An Experience Of A First Time Voter By Emmanuel Daraloye



The road leading to the polling unit was free from vehicular movement due to the restrictions ordered by the security agencies. In view of this, I had to trek for circa 15 minutes. I almost shelved the plan of exercising my franchise, when I realised the delimination unit was Owode/Imuagun; the latter was an unknown town to me, while the former was 10 kilometres away from my abode. I informed my sister and she told me she had a similar thing on her PVC and implored me to go to my registration unit and check if my name is on the voters’ list.
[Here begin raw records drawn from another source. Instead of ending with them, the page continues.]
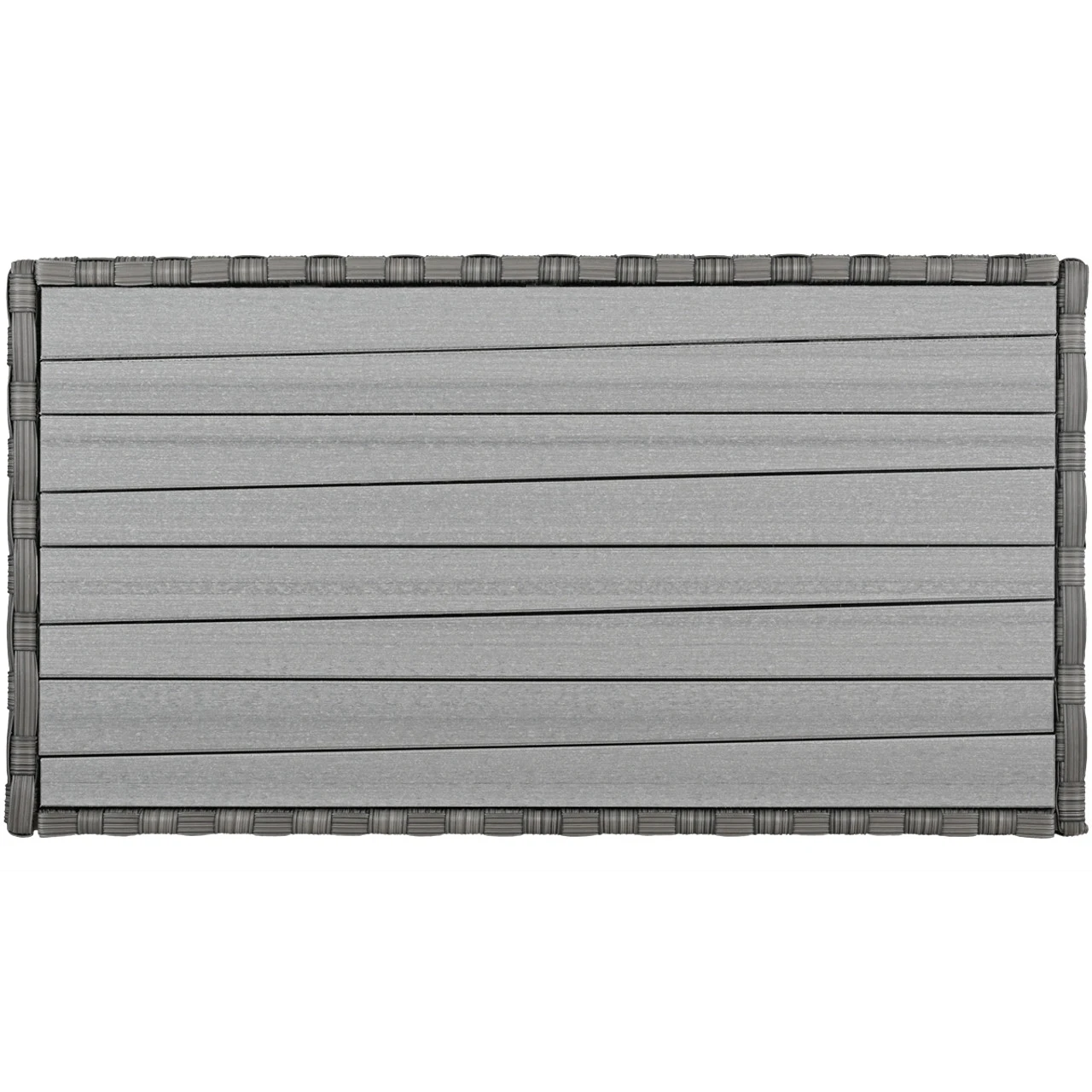 Cabana Outdoor Wicker Rectangle Cocktail Table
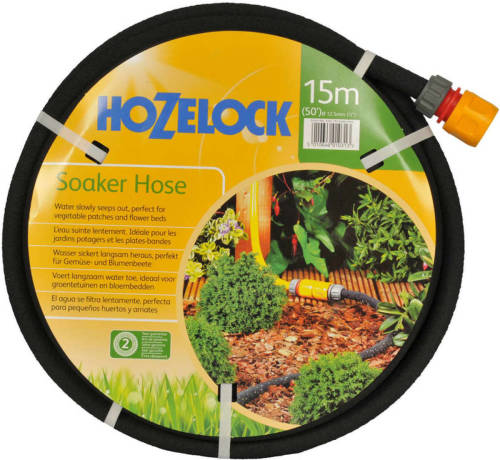 Hozelock Poreuze Slang 12,5 mm 15m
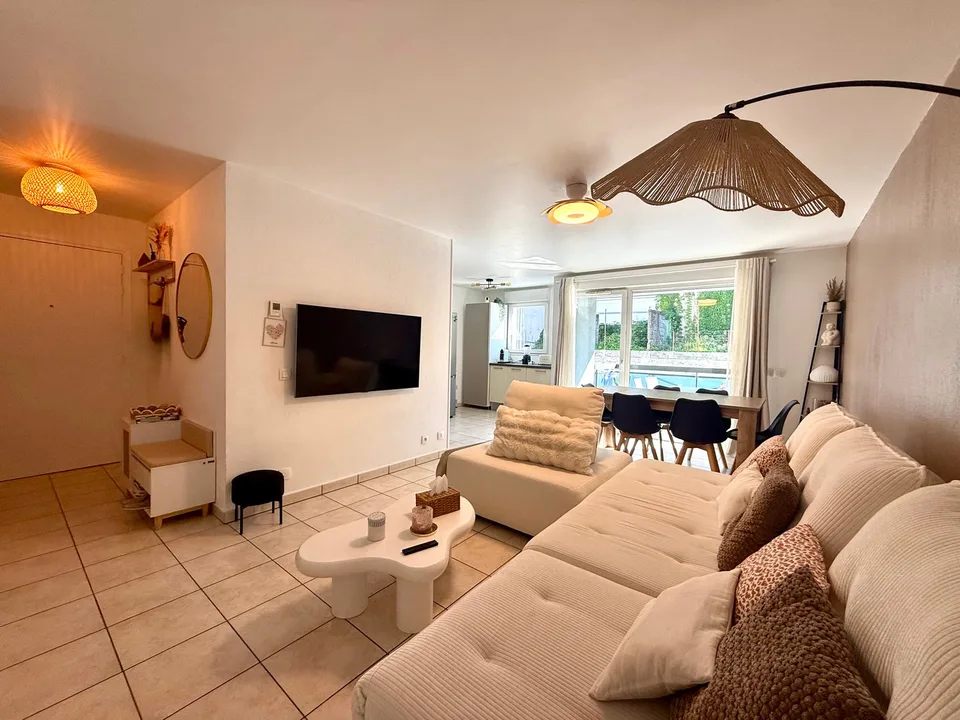 Bel appartement T4 de 82 m² avec balcon, garage et cave   La Roche-sur-Foron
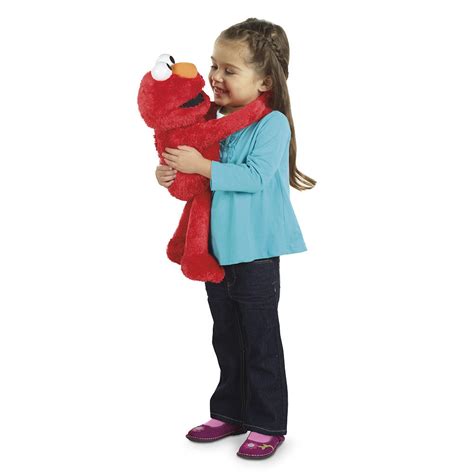Playskool Sesame Street Big Hugs Elmo First Stop Toy Shop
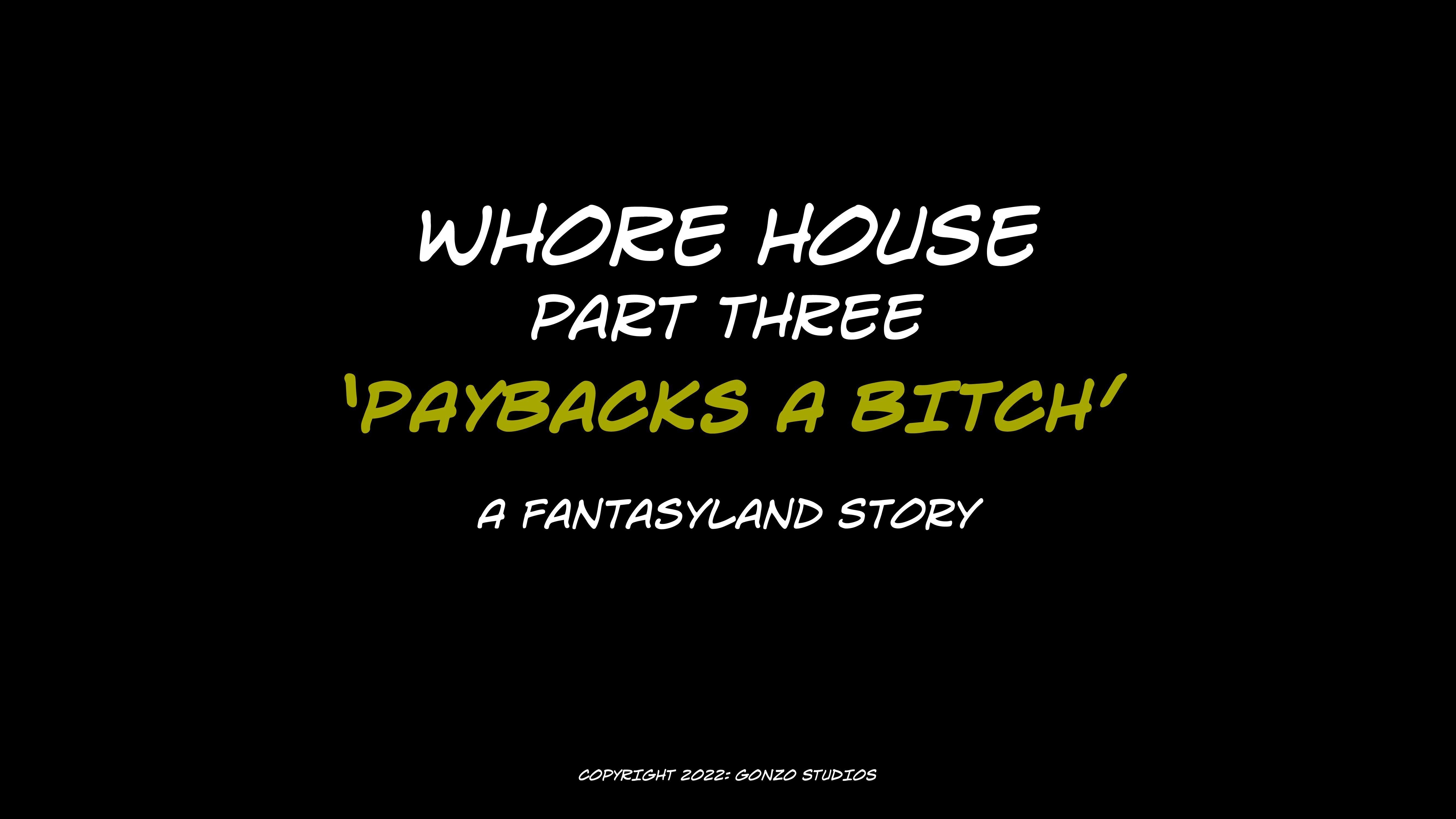 Whore House [Sexy3DComics | Gonzo] Chapter 3 - Page 7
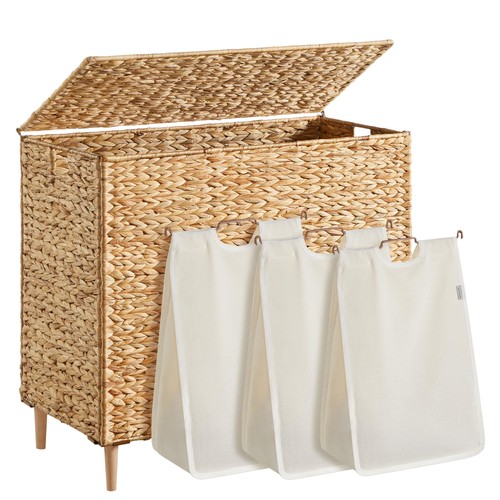Laundry basket compartments - laundry,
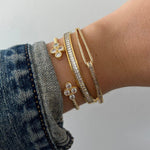 Nicholia CZ Bangle - Alden+Rose LLC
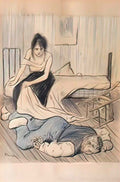 Theophile Steinlen remords Art A4 Photo Print
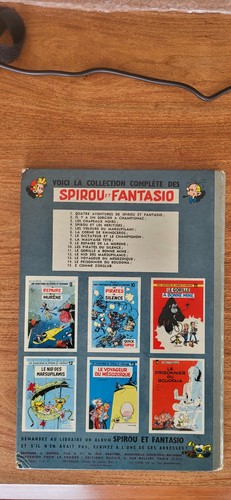 Spirou comme zorglub - z, eo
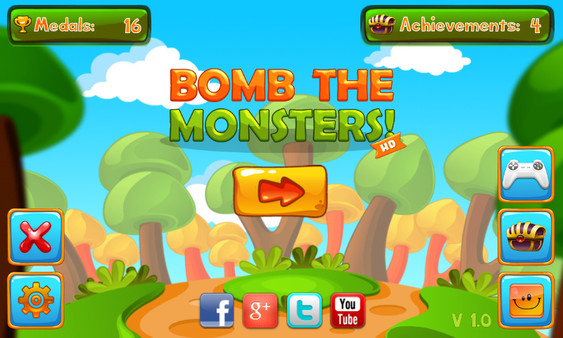 скриншот Bomb The Monsters! 0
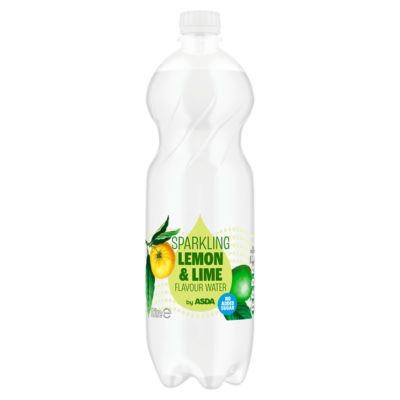Sparkling Lemon & Lime Flavour Water 1 Litre thumbnail 2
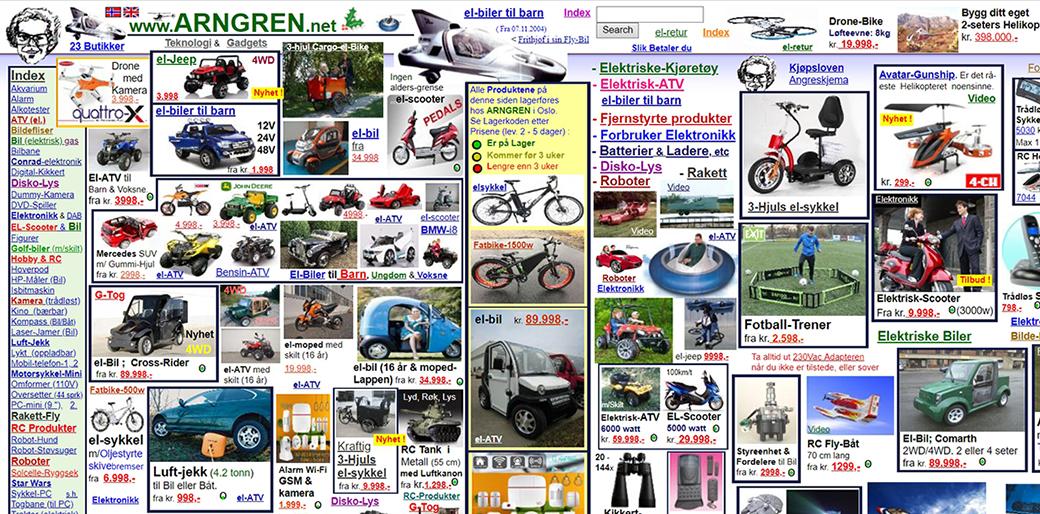 Arngren – chaotic design example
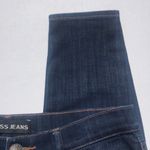 EXPRESS Mid Rise Dark Wash Jean Legging Photo 6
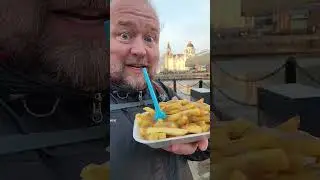 Chips with Curry Sauce? What's going on in North England?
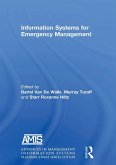 Information Systems for Emergency Management (eBook, ePUB)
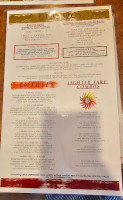 La Olla Mexican Cafe menu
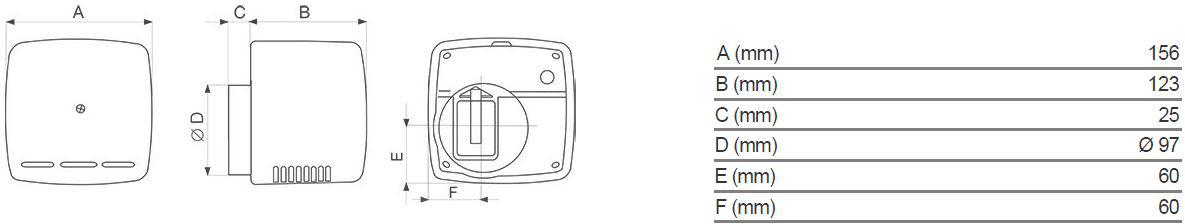 Vortice Центробежный канальный вентилятор Ariett 12015 - Вид №1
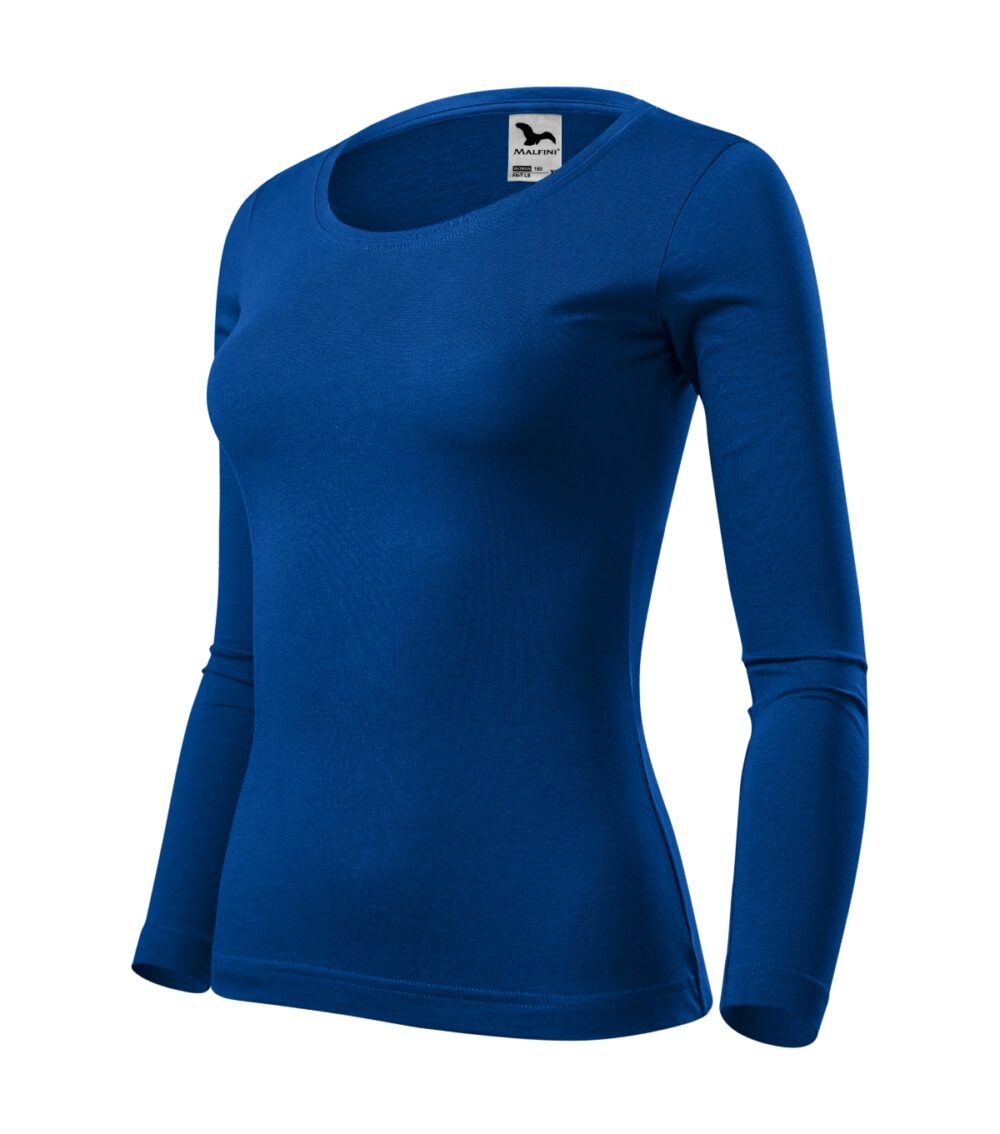Koszulka damska MALFINI Fit-T LS — Chabrowy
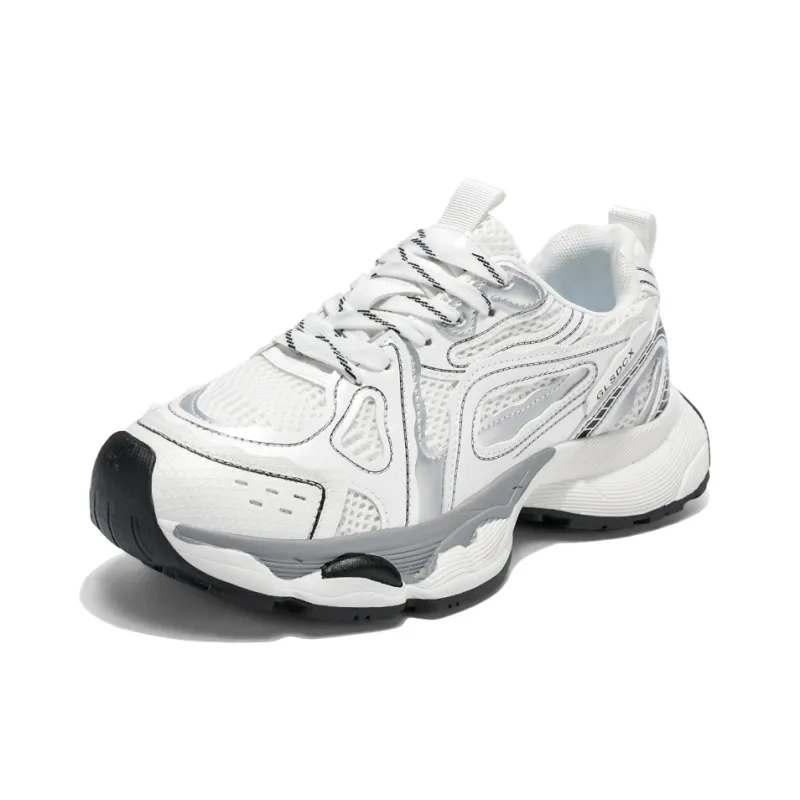 ROBINHOOD Wear resistant, Lightweight, Breathable, And Non slip. Low Top Chunky Sneakers Men's Box Included-2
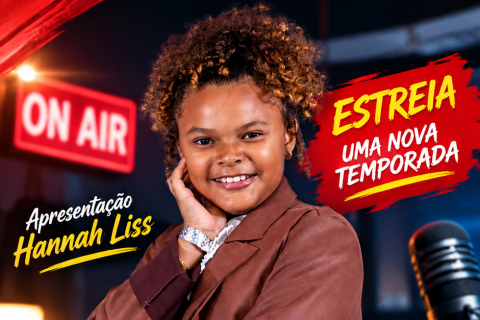 Hannah Liss está de volta! “De Frente com a Dananinha” recebe o Palhaço Detergente nesta sexta-feira na DTV na Mídia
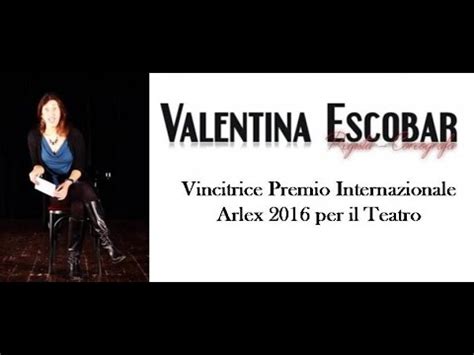 Valentina Escobar Regista E Coreografa Prosa Youtube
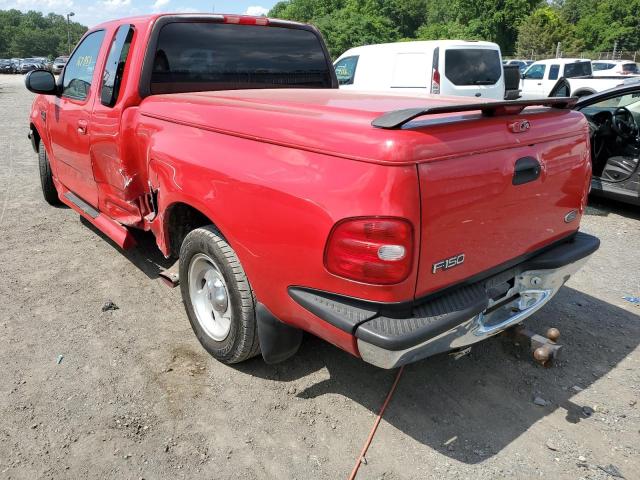 Photo 3 from auction – 1998 FORD F150 with VIN 1FTZX0760WKA25331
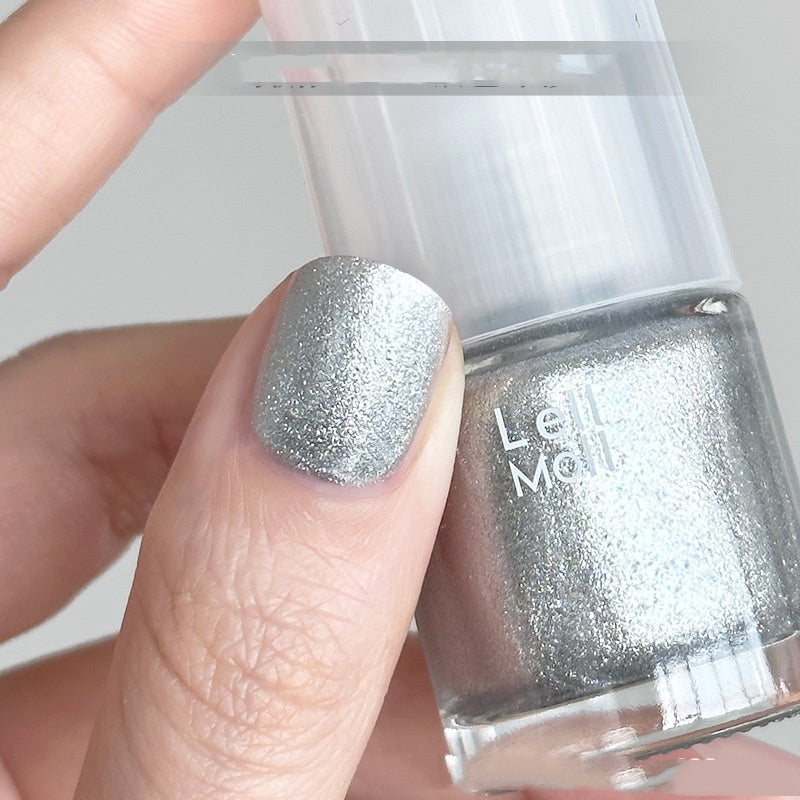 Lell Moll Water-based Tearable Nail Polish Baking-free And Tasteless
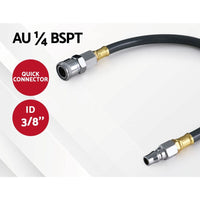 Giantz Air Hose Reel 20m Retractable Rewind Swivel Wall Mount Compressor Garage Tools Kings Warehouse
This was about 8:19am. Despite the plea from my guardian to eat before going out, I didn’t yield to it. I was excited and anxious; anxious to perform my civic duty; excited because this was my first time of voting.

I got to the polling unit at exactly 8:47am, the INEC ad hoc staff were assembling the cubicle; some were pasting the voters’ lists on the wall. The pasting took them over 30 minutes. Some instructions were later passed on to the intending voters; this binds on the modalities of voting – the need to be of good conduct in the course of the process, etc. The voting exercise began at 9:20am.

We were a few minutes into the exercise when a middle aged man ran into the building, panting like a 400-metre runner. He was gesticulating and was unable to speak for some seconds. When he did, all he could say was that some people were chasing him. I learnt he was given some money to dole out to the INEC officials and the security personnel as feeding allowance. The other party agents were not cool with this arrangement. 

There were two policemen on duty: a male and a female. The former was tipsy, uttering all sorts of gibberish and threatening to cancel the election if it was disrupted by the party agents. The voters had already deciphered his predicament and left him. Nine ad hoc staff, as well as a presiding officer, were on ground in my polling unit.

Two domestic election observers came to the polling unit, spoke to the security personnel and INEC officials and jotted their responses in their book.

I voted at about 10:11am. Priority was given to the elderly. I left the polling unit at about 10:15am.

Daraloye is a radio presenter on M&C 106.5 FM, Ondo City.